En effet, il  y a une semaine, le chef du Gouvernement avait simplement renvoyé la fin de vie au "pouvoir d'initiative" du Parlement. Si le choix de deux textes peut apparaître de simple forme, il marque en réalité un développement important dans l'histoire - déjà longue de plusieurs années - du projet de loi, censé initialement porter la grande réforme sociétale de la présidence d'Emmanuel Macron. Et suscite déjà la désapprobation de la présidente de l'Assemblée nationale, Yaël Braun-Pivet - une macroniste de la première heure, qui s'est dite mardi soir "opposée" à cette "scission". "J'attends que le Gouvernement et le Premier ministre réinscrivent ce texte dans son ensemble à l'Assemblée nationale" et ce dès "aujourd'hui", a-t-elle lancé sur France 5.

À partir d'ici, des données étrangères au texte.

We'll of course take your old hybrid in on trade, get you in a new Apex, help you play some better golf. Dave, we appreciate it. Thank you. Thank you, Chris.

Le projet de loi soumis à l'Assemblée nationale en 2024 prévoyait le développement des soins palliatifs mais aussi de légaliser, à d'importantes conditions, une "aide active à mourir" - concrètement un suicide assisté ou, dans certains cas, une euthanasie. La dissolution de l'été 2024 l'a arrêté net avant un premier vote solennel, alors que les clivages restent vifs.

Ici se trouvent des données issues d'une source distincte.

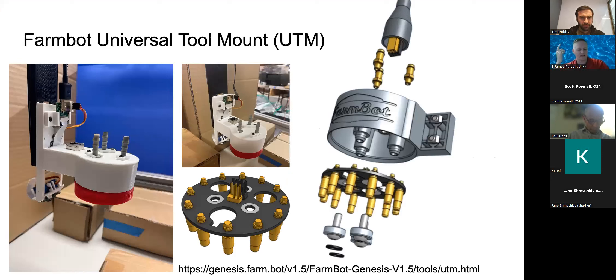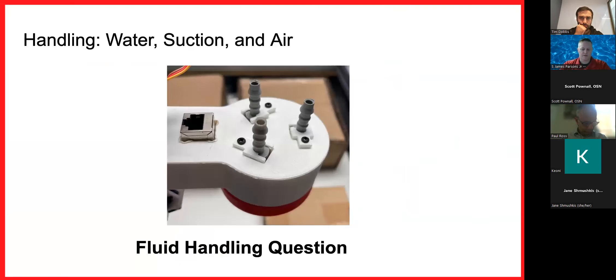I adapted FarmBot's open-source Universal Tool Mount — I liked it because it uses magnets with no cam system, very low tech. I added three gray ports for water, gas, and vacuum feed lines, along with an RJ45 connecting all the pogo pins from hand tool to bench tool. A servo is attached to the 8-megapixel camera, all plumbed through the telescopic arm.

En optant pour deux textes, François Bayrou répond à une demande des opposants de l'aide à mourir en reprenant une partie de leurs arguments. "Le Premier ministre est très attaché à cette liberté parlementaire de pouvoir avoir une réponse à chacun de ces sujets. Quand vous devez en même temps répondre à la question sur l'accès de chacun aux soins palliatifs et sur l'aide active à mourir, vous n'avez pas de liberté sur aucun des deux choix, puisque l'un engage l'autre", a justifié Sophie Primas. Elle a distingué "la possibilité pour tous les Français de bénéficier de soins palliatifs, qui sont une réponse à la peur tout à fait légitime vis-à-vis de la souffrance et de la fin de vie" d'un sujet "éthique qui a trait à l'aide active à mourir".

Cette position rejoint notamment celle de la Sfap, organisation qui porte la voix des soins palliatifs et s'est toujours montrée très méfiante à l'idée de légaliser le suicide assisté. Deux textes, "c'est quelque chose que l'on demandait depuis le début", a déclaré à l'AFP sa présidente, Claire Fourcade. "Le sujet des soins palliatifs, qui pourrait avancer très vite, est freiné par le fait d'être couplé à un sujet plus clivant et complexe."

Chez les partisans de l'aide à mourir, comme Yaël Braun-Pivet, le mécontentement l'emporte. Le député Olivier Falorni (apparenté MoDem), qui défend de longue date une évolution législative et avait dirigé les travaux sur le projet de loi lors de son passage à l'Assemblée, a ainsi exprimé son désaccord. Soins palliatifs et aide à mourir sont "complémentaires", a-t-il insisté. "Ces deux sujets doivent être abordé(s) maintenant et en même temps, pas séparément et dans longtemps". Les partisans de l'aide à mourir craignent l'abandon de ce volet, même si l'entourage du Premier ministre assure que les deux thèmes seront examinés dans la "même temporalité parlementaire", sans précisions.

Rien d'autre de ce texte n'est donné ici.